Task 9 focused on modelling of coupled matrix diffusion and sorption in heterogeneous crystalline rock matrix at depth. This was done in the context of inverse and predictive modelling of tracer concentrations of the in-situ experiments performed within LTDE-SD at the Äspö Hard Rock Laboratory in Sweden, and the REPRO project at the ONKALO underground rock characterisation facility in Finland, focusing on sorption and diffusion. The ultimate aim was to develop models that in a more realistic way represent retardation in the natural rock matrix at depth.
The topic of radionuclide transport and retardation in the geosphere is of high importance for assessing the safety of geological repositories for radioactive waste in fractured crystalline rock. Matrix diffusion of solutes in the microporous system of the rock matrix is perceived to be well understood and has been discussed for over 60 years. For the past 35 years, matrix diffusion coupled with sorption has been discussed in the context of retardation of radionuclides potentially migrating from a geological repository for nuclear waste. In recent safety assessments, carried out by SKB and Posiva, the importance of solute exchange between flowing fracture water and stagnant pore water has been stressed in regard to the waste containers’ capability of isolating spent nuclear fuel over long time periods.
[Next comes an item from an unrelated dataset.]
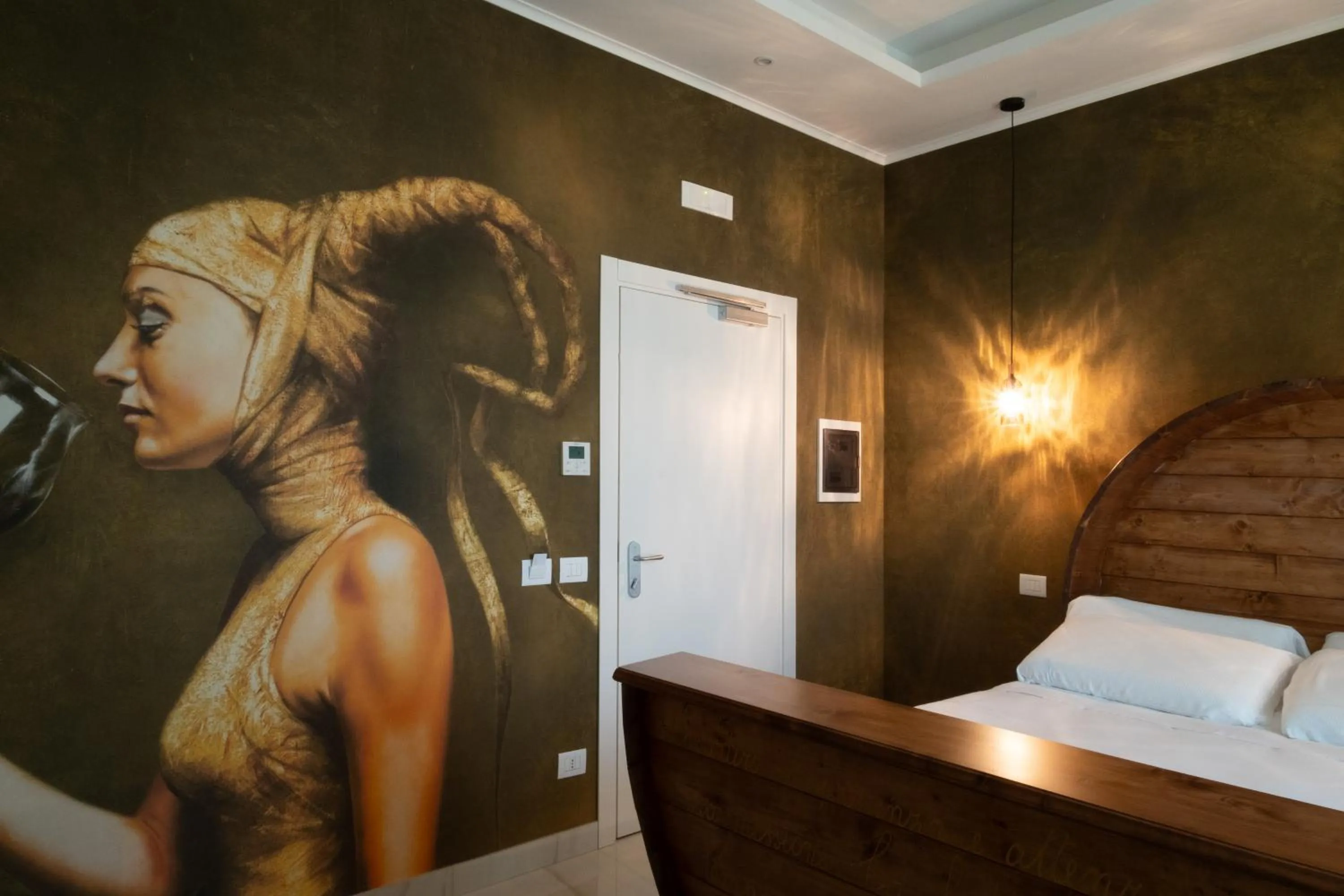 Bed in Palazzo Adele Rooms & Apartments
LTDE-SD was an in-situ study that was carried out at Äspö HRL and it focused on tracer transport in the stagnant pore water of the rock matrix. In the experiment, a cocktail of both sorbing and non-sorbing tracers was allowed to contact a natural fracture surface, as well as the unaltered rock matrix, for a time period of 200 days. The experiment was carried out at a depth of about 410 m below sea level.
The REPRO project was in part carried out in-situ in ONKALO at Olkiluoto in Finland, and in part as an extensive laboratory programme. Concerning in-situ experiments; two water phase diffusion and sorption campaigns were carried out from the REPRO niche at about 400 m depth, from which a number of drillholes has been drilled. These campaigns were the WPDE (Water Phase Diffusion Experiment) series of experiments and the TDE experiment (Through Diffusion Experiment). The in-situ part of REPRO aimed to tackle the topics of diffusion, sorption; anion exclusion; and rock matrix anisotropy. In addition, the laboratory part focused on small scale rock characterisation.
Modelling in Task 9
Task 9 was initiated in the spring of 2015 and started with semi-predictive modelling of the REPRO project. The second subtask focuses on the inverse modelling of experimental results from the in-situ tracer test LTDE-SD. In a following subtask the penetration profile of Cl-36, Cs-137 and Ni-63 into the LTDE-SD rock matrix will be modelled in a predictive fashion. In addition, the TDE (Through Diffusion Experiment) of REPRO was modelled as well.
As an optional subtask, the increased realism in the solute transport codes was put into the perspective of safety assessment time scales. This was to highlight if different aspects of matrix diffusion and sorption, utilising codes with increased complexity and realism, may have any consequence for long-term retardation.